Mittlerweile wagen immer mehr Ausländerinnen und Ausländer oder eher neue Bewohnerinnen und Bewohner, das Wort „Heimat“ zu benutzen. Es ist ein Stück Aneignung und Ausformung des gemeinsamen Lebensraumes. Es ist die Art zu zeigen, Verantwortung übernehmen zu wollen für die Stadt, in der wir leben.

Von Seiten der Marburgerinnen und Marburger wäre es großzügig, dieses Heimatgefühl mit uns Ausländerinnen und Ausländern zu teilen. Wie in einer Ehe, mit allen Herausforderungen und für „gute und schlechte Zeiten“. Das hat zum Beispiel die Jüdische Gemeinde und der Magistrat der Universitätsstadt Marburg, ohne die Last der Geschichte mildern zu wollen, vor ein paar Jahren getan, indem sie uns Mitgliedern des Ausländerbeirates die Möglichkeit gegeben hat, an der Ausstellung im Garten des Gedenkens 2018 teilzunehmen. Wir wurden gebeten, unsere Gedanken über die Zerstörung der alten Marburger Synagoge durch das Nazi-Regime 1938 in Schriftform niederzulegen. Unsere Gedanken und Zitate waren ein Jahr lang zu lesen in den Zettelkästen im Garten des Gedenkens, wo vor 1938 die Marburger Synagoge stand. Das war für uns der wichtige Ausdruck unserer Solidarität mit der Jüdischen Gemeinde in Marburg. Heute verstehen wir unsere Teilnahme an der Aktion als Zeichen unserer Akzeptanz hier in Marburg, als Ausländerinnen und Ausländer Teil dieser Heimat zu sein.

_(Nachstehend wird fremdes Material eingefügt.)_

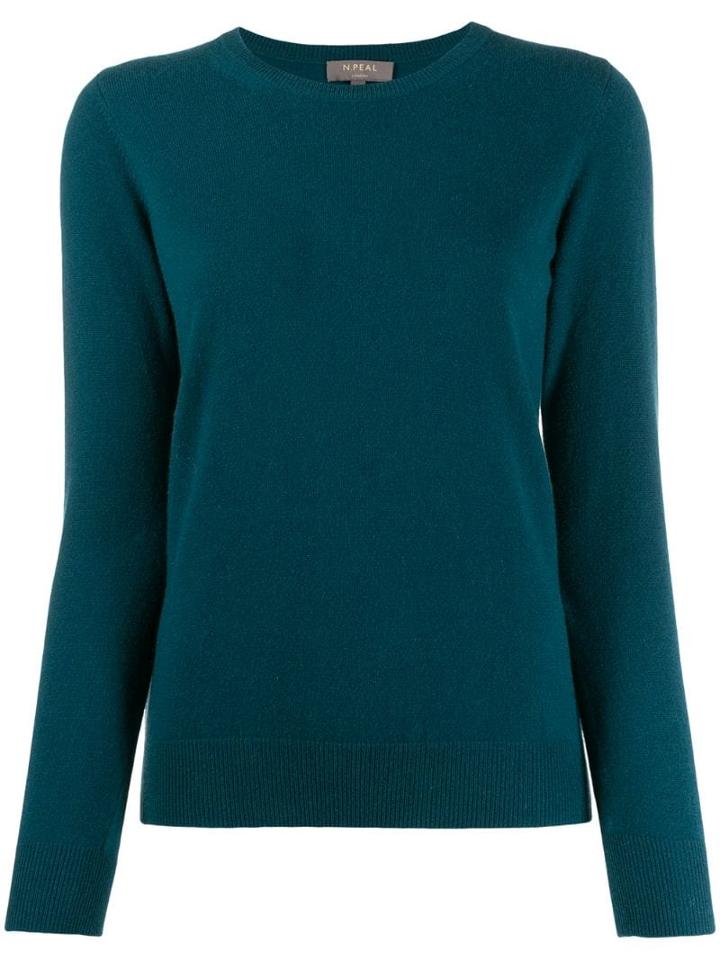 N.peal Cashmere Round Neck Jumper - Blue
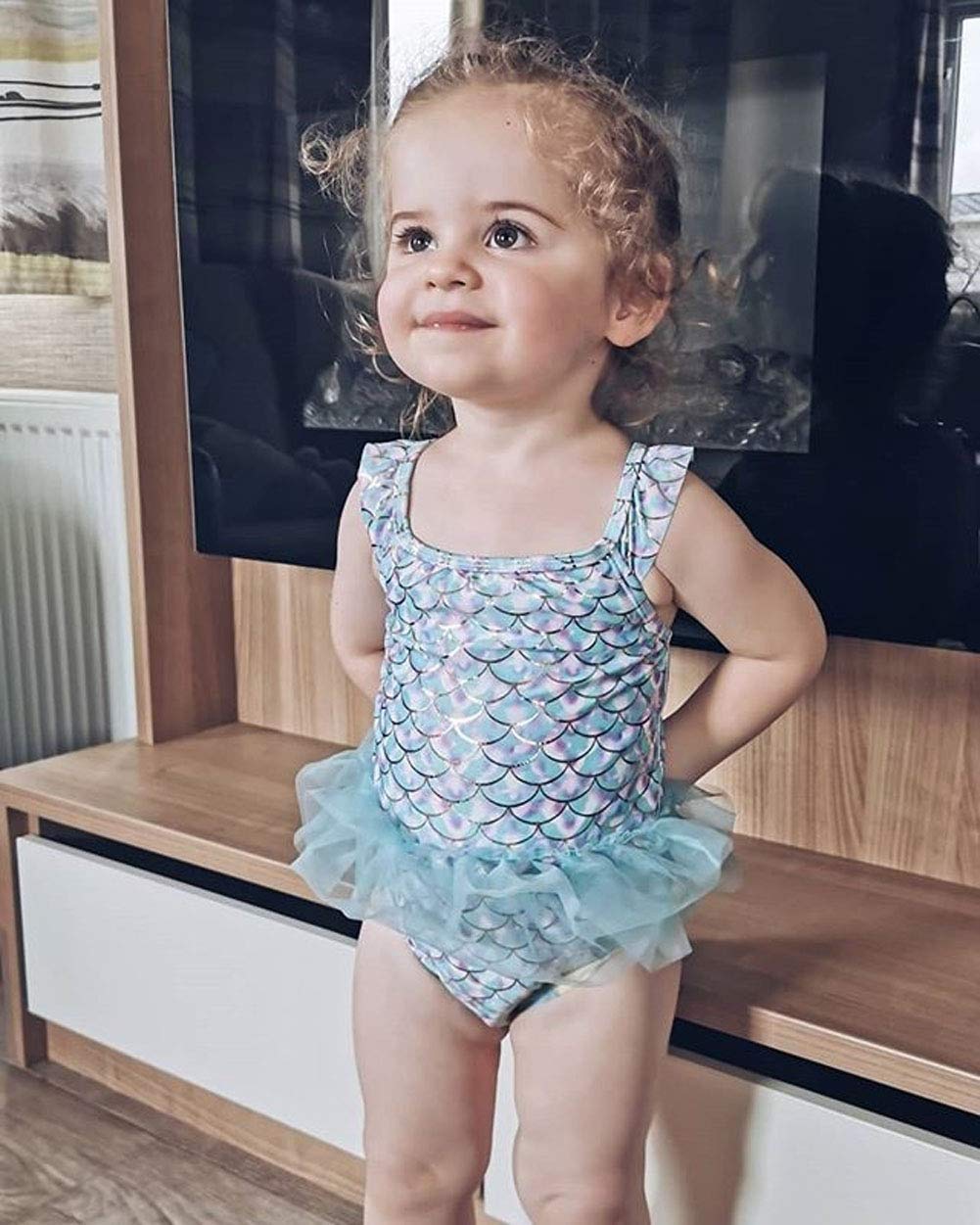 Cute Toddler Baby Girl's One-Piece Swimsuit Ruffled Sleeve Mermaid Swimwear with Tutu Skirt Fashion Bathing Suit for Baby (Blue+Purple, 12-18 Months)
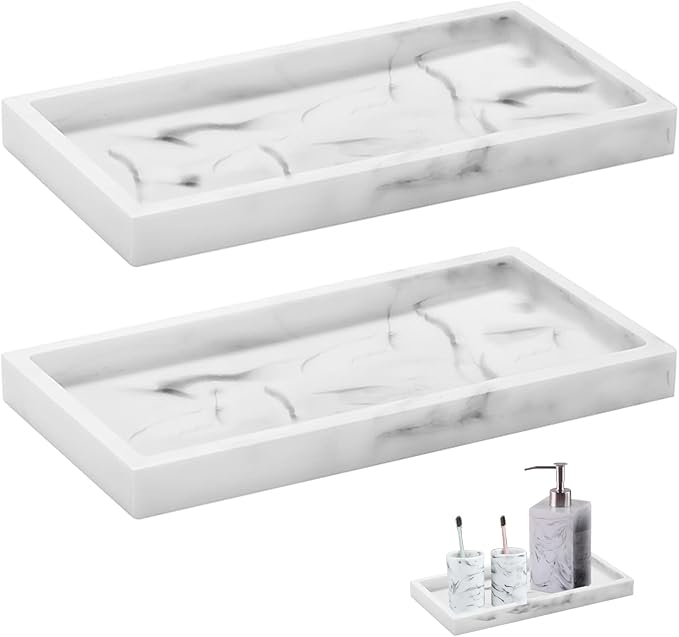 BiSUAN 2 Packs Silicone Bathroom Vanity Tray Large 11.8" ＆ Large 11.8" Set - Rectangle Shatterproof Flexible Bathroom Tray for Soap Dispenser, Tissues, Candles, Towel, Plant, Perfume Key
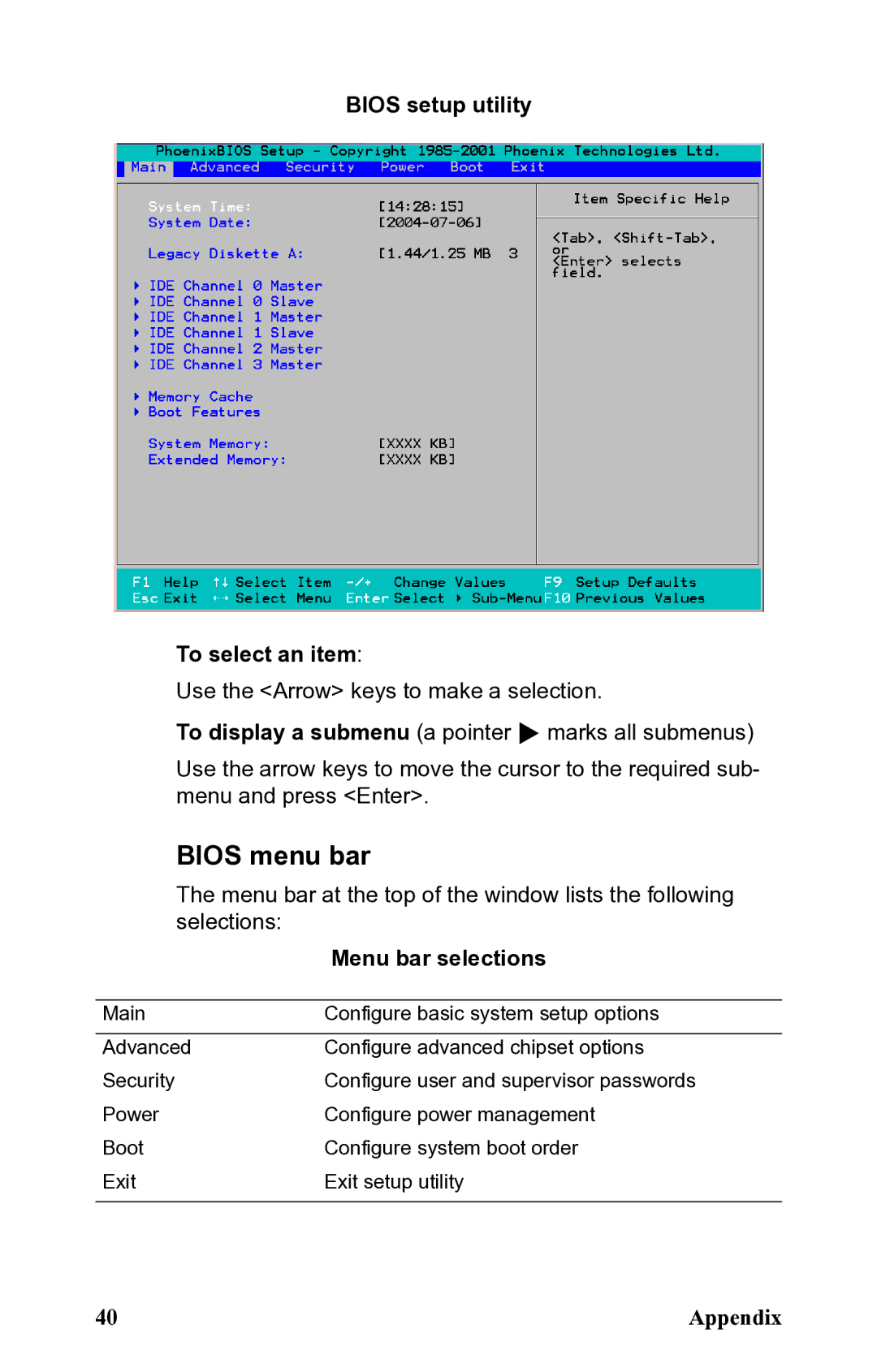 SIIG B5350 manual Bios menu bar, Bios setup utility To select an item, Menu bar selections 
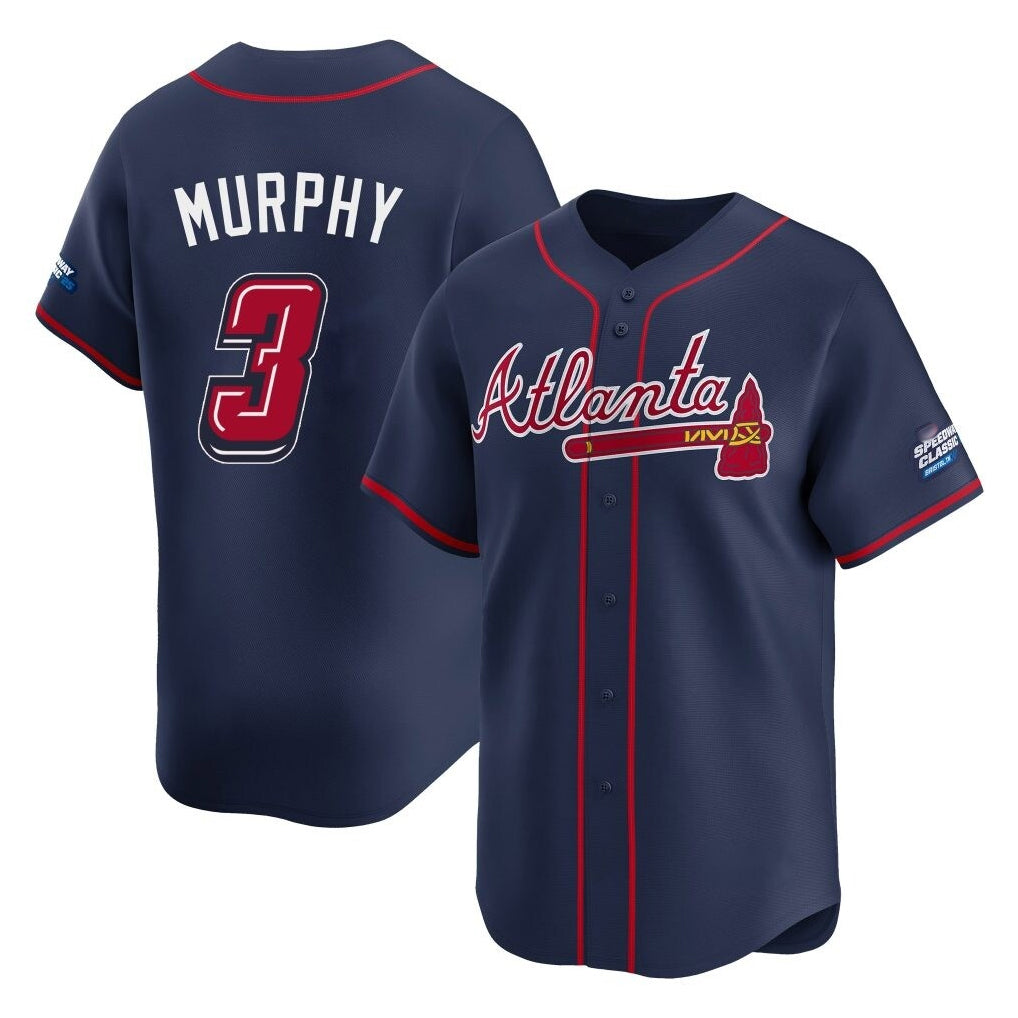 Atlanta Braves #3 Dale Murphy Player Navy Jereymy 2025 Speedway Classic Home Game Stitched Jerseys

2020 war die Islamische Gemeinde Marburg an der Reihe, ihre „persönlichen Erfahrungen mit den Themen Ausgrenzung, Rassismus und der Erinnerung an den Holocaust“ (Link) niederzulegen. Genau dass dies möglich wurde, ist ein Zeichen der Anerkennung und des kulturellen Miteinanders in Marburg. Ein Zeichen, dass wir Menschen mit internationaler Biographie, Menschen mit sichtbaren Merkmalen unseres Nicht-Deutsch-Seins, uns für das gute Miteinander einsetzen können und uns dementsprechend zu Hause fühlen dürfen. Dafür ist der Ausländerbeirat Marburg dankbar. So hat uns die Stadt Marburg gezeigt, dass auch wir Ausländerinnen und Ausländer gebeten werden, uns mit unserer Stadtgeschichte und der neuen Heimat auseinanderzusetzen. Dadurch ist uns klarer geworden, dass auch wir dazu gehören, nämlich zu einer gemeinsamen Heimat, an der wir alle teilhaben. Und für diese Heimat haben wir Gefühle, Anteilnahme und Verantwortung für die Zukunft, ganz im Sinne der drei Mottos unseres Stadtjubiläums „Marburg erinnern, Marburg erleben und Marburg erfinden“.

 

Sylvie Cloutier

  • Geboren 1968 in Montréal, Kanada.
  • Studium Politikwissenschaft sowie die Arabische Sprache in Montréal, Master in Business Management in London.
  • Ausbildung zur Erzieherin in Marburg.
  • Seit November 2021 stellv. Leiterin des Evangelischen Kinderhorts Barfüßertor.
  • Verheiratet, drei Kinder: 25, 20 und 16 Jahre.
  • Vorstandsmitglied des Fördervereins für das Marburger Kultur- und Bildungszentrum mit Moschee
  • Seit 2015 Mitglied des Ausländerbeirates Marburg und seit Mai 2021 dessen Vorsitzende.